Farmers National Bank v. Coyner

44 Ind. App. 335 | Ind. Ct. App. | 1909

Hadley, C. J.

This was an action brought by appellant against appellees for damages for conversion. At the conclusion of appellant’s evidence, upon motion of appellees, *337and over the objection of appellant, the court instructed the jury to return a verdict for appellees, which it accordingly did. Appellant filed a motion for a new trial, which was overruled, and judgment was rendered in favor of appellees. The ruling on its motion for a new trial is assigned as error. The only questions presented are that the court erred in giving the instruction before mentioned, and that the evidence is insufficient to sustain the verdict. Both will be considered together.

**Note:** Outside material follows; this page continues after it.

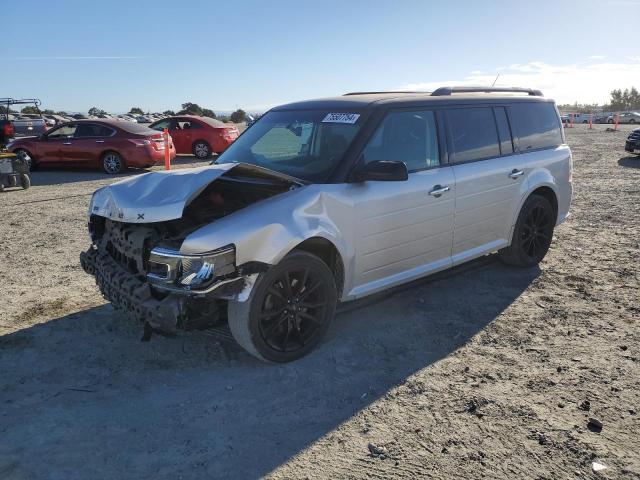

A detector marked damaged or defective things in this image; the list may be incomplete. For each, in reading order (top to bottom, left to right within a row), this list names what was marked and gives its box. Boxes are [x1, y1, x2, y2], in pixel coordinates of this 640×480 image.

It was shown by the evidence that appellee Coyner was the owner of a certain described farm; that appellee Owen was his tenant; that on February 13, 1903, appellee Coyner sold to John C. Newby, president of appellant bank, for the bank, “one hundred thirty-sis dollars and fifteen cents' worth of the landlord’s portion of the crop raised on Coyner’s farm;” that said sale was evidenced by a written bill of sale, and the purchase price was paid at that time; that the crops were not planted at the time of the sale. The bill of sale did not specify what the crop was to consist of, nor when it should be raised. It was, however, shown by the evidence that in 1903 corn was raised on the land described, and it was not shown that any other crop was raised. It was also shown that Coyner directed his tenant to gather the landlord’s portion of the corn raised in 1903 on the tract described, and to place it in a crib separate from corn raised from other tracts belonging to Coyner, which the same tenant had rented, saying: “The bank might get that corn.” Afterwards Coyner had a conversation with John C. Newby, representing the bank, in which he, for the bank, demanded the corn, and Coyner said: “ I do not want you to take that corn, I want it to feed, and if you will give me ten days to make a note I will do that. ’ ’ To which Newby replied: ‘ ‘ All right, we do not want the corn, what we want is the money. ’' To which Coyner replied: “Now if I do not make arrangements in ten days about this note you can come and take that *338corn to the elevator and allow me the market price.” In this conversation Coyner also said the corn was in the crib there on his farm, and designated the crib. After the expiration of ten days, Coyner having failed to give his note for the corn,' appellant sent teams out to haul in the corn. The corn was shown to the representative of appellant by Owen, in the crib, as described. There was about four hundred bushels of it and it was worth thirty-two or thirty-three cents a bushel at the crib. But Owen, representing Coyner, refused to let them have the corn, saying that Coyner needed it to feed. Owen and Coyner were then ordered not to dispose of the com, as it belonged to the bank. After-wards Owen, at the direction of Coyner, fed the com to stock belonging to Owen and Coyner.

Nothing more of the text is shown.